Example comparison (sentiment):
# long option: script piped to python
python - <<'PY'
from transformers import AutoTokenizer, AutoModelForSequenceClassification
import torch
import torch.nn.functional as F
model = AutoModelForSequenceClassification.from_pretrained('distilbert/distilbert-base-uncased-finetuned-sst-2-english')
# ...preprocessing, inference and print...
PY
# short option: CLI
transformers classify --model distilbert/distilbert-base-uncased-finetuned-sst-2-english --text 'I absolutely loved the movie, it was fantastic!'
CLI + Skill tradeoff: less time, more tokens in clone
When a CLI and examples are introduced, large models use the new interface and finish tasks faster (fewer turns). But in the clone tier, the checkout includes code and examples, and many agents first read those files: median new tokens rise (for example from ~4k to ~6.4k), even if time decreases.
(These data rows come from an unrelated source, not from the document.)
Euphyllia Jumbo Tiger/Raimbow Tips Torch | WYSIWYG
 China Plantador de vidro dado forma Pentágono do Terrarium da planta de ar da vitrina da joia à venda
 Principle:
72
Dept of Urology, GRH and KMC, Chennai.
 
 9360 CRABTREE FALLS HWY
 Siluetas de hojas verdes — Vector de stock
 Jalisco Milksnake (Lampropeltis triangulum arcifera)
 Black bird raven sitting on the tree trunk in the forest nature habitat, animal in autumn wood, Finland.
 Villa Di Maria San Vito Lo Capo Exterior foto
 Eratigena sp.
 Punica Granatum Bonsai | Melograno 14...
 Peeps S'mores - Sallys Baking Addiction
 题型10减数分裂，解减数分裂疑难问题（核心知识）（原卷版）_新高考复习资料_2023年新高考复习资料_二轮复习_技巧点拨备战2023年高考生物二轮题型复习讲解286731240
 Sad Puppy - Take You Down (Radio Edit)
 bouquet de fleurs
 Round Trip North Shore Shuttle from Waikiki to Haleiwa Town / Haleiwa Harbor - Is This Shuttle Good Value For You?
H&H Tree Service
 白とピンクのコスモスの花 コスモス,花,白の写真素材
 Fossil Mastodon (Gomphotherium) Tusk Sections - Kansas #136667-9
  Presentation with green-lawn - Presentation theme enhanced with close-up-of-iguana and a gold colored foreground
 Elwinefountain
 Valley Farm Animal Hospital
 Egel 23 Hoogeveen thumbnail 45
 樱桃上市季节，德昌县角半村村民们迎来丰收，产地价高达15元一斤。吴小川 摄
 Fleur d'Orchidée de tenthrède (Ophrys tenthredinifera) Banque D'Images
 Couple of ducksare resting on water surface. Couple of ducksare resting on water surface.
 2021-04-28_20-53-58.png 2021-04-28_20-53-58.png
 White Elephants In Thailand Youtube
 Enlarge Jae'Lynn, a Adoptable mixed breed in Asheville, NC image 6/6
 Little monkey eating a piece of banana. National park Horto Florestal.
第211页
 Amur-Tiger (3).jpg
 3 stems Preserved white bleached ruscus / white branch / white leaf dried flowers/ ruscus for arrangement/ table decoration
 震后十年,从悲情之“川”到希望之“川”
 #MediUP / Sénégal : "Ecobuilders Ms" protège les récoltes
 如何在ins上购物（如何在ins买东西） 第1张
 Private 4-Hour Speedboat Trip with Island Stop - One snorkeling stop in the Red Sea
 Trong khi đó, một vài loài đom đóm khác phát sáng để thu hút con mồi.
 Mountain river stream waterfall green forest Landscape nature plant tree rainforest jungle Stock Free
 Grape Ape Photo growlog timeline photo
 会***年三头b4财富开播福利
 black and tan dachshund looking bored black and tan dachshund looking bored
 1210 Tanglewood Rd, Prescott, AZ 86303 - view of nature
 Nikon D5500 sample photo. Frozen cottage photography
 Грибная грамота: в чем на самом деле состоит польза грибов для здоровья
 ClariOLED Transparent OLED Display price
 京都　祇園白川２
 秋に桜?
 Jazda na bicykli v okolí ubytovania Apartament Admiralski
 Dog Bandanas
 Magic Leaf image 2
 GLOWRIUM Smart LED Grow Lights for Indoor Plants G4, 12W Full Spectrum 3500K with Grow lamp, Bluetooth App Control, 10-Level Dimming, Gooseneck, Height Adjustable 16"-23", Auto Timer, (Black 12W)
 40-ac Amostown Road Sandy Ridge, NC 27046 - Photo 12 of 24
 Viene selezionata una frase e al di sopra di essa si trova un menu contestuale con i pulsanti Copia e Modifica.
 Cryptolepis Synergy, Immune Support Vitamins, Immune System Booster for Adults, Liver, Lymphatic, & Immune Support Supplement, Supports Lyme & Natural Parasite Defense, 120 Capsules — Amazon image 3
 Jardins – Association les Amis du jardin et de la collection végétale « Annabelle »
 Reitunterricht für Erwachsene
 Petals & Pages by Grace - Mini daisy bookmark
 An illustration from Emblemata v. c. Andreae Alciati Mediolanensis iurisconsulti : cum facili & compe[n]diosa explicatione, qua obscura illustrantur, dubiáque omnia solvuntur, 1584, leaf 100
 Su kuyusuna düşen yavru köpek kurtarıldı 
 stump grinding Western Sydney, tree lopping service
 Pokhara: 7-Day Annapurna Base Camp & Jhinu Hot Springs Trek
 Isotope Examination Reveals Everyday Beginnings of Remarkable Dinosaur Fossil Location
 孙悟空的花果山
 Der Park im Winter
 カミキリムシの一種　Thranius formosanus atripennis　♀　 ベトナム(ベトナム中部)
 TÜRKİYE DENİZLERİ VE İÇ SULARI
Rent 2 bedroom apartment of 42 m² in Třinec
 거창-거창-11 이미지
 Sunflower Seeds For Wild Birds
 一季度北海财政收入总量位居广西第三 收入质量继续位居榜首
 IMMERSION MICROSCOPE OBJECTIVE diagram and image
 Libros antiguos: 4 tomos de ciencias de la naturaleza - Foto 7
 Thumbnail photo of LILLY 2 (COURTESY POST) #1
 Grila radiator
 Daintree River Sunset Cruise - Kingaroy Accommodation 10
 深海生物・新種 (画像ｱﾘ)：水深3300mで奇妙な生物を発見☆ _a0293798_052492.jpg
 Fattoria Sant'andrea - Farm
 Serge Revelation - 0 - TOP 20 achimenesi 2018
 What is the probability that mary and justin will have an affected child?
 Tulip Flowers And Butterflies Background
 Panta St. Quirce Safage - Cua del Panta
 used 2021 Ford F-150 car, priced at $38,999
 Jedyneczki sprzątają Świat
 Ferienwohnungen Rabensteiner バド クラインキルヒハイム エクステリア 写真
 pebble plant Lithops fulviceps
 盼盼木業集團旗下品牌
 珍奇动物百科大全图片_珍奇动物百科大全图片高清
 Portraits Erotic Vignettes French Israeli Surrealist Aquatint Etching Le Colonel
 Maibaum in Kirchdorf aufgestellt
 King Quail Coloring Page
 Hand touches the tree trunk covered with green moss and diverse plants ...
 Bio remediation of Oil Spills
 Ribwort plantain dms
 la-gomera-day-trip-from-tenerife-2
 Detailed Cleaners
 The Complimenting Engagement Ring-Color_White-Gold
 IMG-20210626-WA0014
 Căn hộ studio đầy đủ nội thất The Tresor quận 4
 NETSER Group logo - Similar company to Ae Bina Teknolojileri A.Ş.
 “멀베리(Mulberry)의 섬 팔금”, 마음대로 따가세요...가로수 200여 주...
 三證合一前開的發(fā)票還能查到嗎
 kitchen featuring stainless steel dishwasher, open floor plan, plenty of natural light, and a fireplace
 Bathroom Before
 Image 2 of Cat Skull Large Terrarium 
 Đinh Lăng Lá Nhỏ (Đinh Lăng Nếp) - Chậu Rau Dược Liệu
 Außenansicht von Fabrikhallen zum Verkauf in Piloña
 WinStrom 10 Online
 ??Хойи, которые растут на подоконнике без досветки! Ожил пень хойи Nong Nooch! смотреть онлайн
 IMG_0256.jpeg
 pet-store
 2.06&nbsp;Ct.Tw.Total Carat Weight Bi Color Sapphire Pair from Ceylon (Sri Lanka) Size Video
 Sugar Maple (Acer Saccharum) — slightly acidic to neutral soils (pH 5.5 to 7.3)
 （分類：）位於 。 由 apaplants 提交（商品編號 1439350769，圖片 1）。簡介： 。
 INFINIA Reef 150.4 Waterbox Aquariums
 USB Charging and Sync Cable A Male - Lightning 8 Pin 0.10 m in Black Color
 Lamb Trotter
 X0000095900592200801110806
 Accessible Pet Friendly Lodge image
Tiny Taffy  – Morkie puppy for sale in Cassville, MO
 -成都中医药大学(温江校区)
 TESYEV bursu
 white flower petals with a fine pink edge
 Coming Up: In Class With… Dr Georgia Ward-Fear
It's a tradeoff you should know before merging.
Not all models benefit equally
Large models: tend to leverage the Skill and CLI, reducing time and turns.
Small/local models: can sometimes get worse. Small models may rely on memorized patterns (for example pipeline(...)) and get confused by a new surface. In extreme cases, a Skill can reduce match % or even break the solution.
Concrete reported cases:
Qwen3-4B: in clone, median new tokens rose from ~2.4k to ~23k because it read the new code in bulk, without improving accuracy.
Qwen3-14B: adding the Skill made match % drop in classify-sentiment from 100% to 0% because the model started emitting calls to a tool transformers(command=...) that never existed; it interpreted the Skill as an invocable API in the agent context.
Markers: tagging behaviors to understand the 'how'
Markers are patterns defined by the tool profile that are searched for in commands, generated code, files read, or in the final response. For transformers two stood out:
cli: the agent executed transformers in the shell.
pipeline: the agent used the high-level API pipeline(...).
With these markers you can measure whether a change to the library actually changed agent behavior, not just the final result.
Practical recommendations for maintainers
Test for agents: add tests that reproduce agentic flows. If it's not tested, it doesn't exist for an agent.
Document with agents in mind: structure examples and docs so the agent can find them quickly (README, per-task examples, minimal snippets).
Evaluate across model sizes: a change can save work for large models and break small ones. Measure both cases.
Consider generating Skills automatically: Upskill is the idea of turning a strong-model solution into a Skill only if it helps weaker models.
Use traces: check the agent-traces viewer to understand why an agent failed or deviated.
How to use the harness right now
The project is a CLI called agent-eval. Minimal flow:
Install and read the README and SECURITY.md.
Define deterministic tasks and the expected answers.
Launch the sweep models × revisions as HF Jobs; each run needs HF_TOKEN to serve models.
Publish the report as a Space and review traces on the Hub.
Security warning: the harness runs agents that may execute code from the repo you point to. Only use this in trusted environments and review SECURITY.md before sharing results.
Final reflection
This work is not just a new metric, it's a wake-up call: if you want your library to work well with agents, design, document and test with agents in mind. Sometimes an improvement for big models is a trap for small ones. Measuring the process, not just the outcome, gives you actionable information so you can make informed decisions before merging important changes.